Çünkü 4 kutsal kitaptan biri olan Zebur Hz. Davut’a
verilmiş Yahudiler de bu kitap üzerinden masal bile olamayacak palavralarıyla
tüm insanlığın gözüne gözüne soka soka katliam yapıyorlar.
Diğer taraftan Hamas Kur’an-ı Kerim inancıyla şehitlik
mertebesine ulaşıp cenneti garantilemek için kendince hem saldırı hem de
savunma yapıyor.
Yav burada şu soru sorulmaz mı?
Bir birlerini boğazlayan bu 2 insan grubunun ikisi de
yaratan olarak aynı yaratıcıyı kabul etmiyorlar mı?
Eeee sinagog mu mantıksız cami mi? Bu soru niye
sorulmuyor.
Ben size bir sır vereyim mi?
Kadın karşısında çaresizliğini gören erkekler ne yapalım
ki kadınların elinde oyuncak olmayalı mı çok iyi düşünmüşler.
Veee yaratan izin vermeden asla yaratanımızı anlamamız
mümkün değilken mutlak olan yaratanı kullanarak kadını saf dışı edip
kendilerine köle haline getirmişler.
Kadınlarda tembellikten olsa gerek kuzu kuzu gönüllü köle
olmuşlar.
Bu fikre nasıl ulaştığımı yazayım.
SCS konusunu Dünya’ya ulaştırmak için mücadele ederken
kadınların neden sahip çıkmadığını anlamakta zorlanıyordum.
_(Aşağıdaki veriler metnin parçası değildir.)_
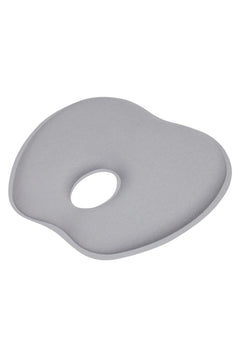 Flat Head Support Pillow – Gray, Designed to Reduce Positional Plagiocephaly in Infants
Son 5 senedir ısrarla kadınları ekonomik özgürlüğüne
ulaştırmaya çalışıyorum ki kadınlar SCS ye sahip çıksınlar.
Başarılı olabiliyor muyum? Asla. Çünkü hiçbir kadın kendisinin erkekten
üstün yaratıldığına inanmıyor. Erkeği dünyaya getiren büyütüp besleyen onu var
eden hiçbir kadın erkekten üstün olduğunu kabullenmiyor.
Engel kim mi? Tabi ki erkekler değil. Kendi yarattığını
kabul etmeyen kadınlar.
Tersten söyleyeyim. SCS kadın konusu olmasaydı da erkeğin
elinde olsaydı şimdi tüm Dünya’ya ulaşmış Dünya’da savaşlar bitmiş ADALETLİ BİR
DÜNYA’nın mümkün olduğunu tüm insanlık görmüş olurdu.
Heyhat. Maalesef SCS kadınların anlayabileceği ve takip
edebileceği bir konu. Böyle olunca da aptallaştırılmış kadınları elinden
kaçırmak istemeyen erkekler konuyla ilgilenmiyorlar.
Kadınlar ise kendinize güvenin diyen benden kendi
kızlarım dahil öcü görmüş gibi kaçıyorlar. Çünkü sorumluk almak kolay değil.
Aptal aptal yaşamak ise çok ama çok kolay.